INPUT DATA »
------------------------------------------------------------

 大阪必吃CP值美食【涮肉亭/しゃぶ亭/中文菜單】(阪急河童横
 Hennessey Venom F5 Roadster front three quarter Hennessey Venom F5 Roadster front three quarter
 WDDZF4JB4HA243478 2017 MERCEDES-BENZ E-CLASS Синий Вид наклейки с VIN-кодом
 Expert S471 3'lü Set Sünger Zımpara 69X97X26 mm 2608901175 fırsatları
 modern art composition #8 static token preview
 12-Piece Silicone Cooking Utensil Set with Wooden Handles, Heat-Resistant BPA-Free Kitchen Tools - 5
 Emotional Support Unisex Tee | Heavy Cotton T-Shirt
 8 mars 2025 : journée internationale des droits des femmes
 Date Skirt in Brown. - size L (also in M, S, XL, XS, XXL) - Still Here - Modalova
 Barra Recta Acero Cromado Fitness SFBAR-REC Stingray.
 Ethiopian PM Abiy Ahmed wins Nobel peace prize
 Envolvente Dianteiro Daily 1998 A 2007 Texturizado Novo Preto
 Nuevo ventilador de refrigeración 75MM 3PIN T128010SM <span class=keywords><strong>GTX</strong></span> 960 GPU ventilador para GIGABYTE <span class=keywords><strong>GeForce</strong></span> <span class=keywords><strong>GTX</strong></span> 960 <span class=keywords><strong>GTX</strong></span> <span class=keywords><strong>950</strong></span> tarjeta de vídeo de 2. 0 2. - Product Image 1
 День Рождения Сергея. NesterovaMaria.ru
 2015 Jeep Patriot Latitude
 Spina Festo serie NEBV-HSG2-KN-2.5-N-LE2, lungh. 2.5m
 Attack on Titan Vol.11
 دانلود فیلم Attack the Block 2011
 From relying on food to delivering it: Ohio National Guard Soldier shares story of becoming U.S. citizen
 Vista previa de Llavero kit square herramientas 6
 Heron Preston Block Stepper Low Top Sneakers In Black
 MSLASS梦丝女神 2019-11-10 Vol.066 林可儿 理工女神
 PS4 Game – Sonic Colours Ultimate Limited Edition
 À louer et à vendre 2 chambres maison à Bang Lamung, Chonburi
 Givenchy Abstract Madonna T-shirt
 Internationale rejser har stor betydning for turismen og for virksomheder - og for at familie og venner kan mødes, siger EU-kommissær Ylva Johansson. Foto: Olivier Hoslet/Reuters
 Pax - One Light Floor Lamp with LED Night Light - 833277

------------------------------------------------------------

Would you copy out each line of the records above where the word "Block" occurs?

 دانلود فیلم Attack the Block 2011
 Heron Preston Block Stepper Low Top Sneakers In Black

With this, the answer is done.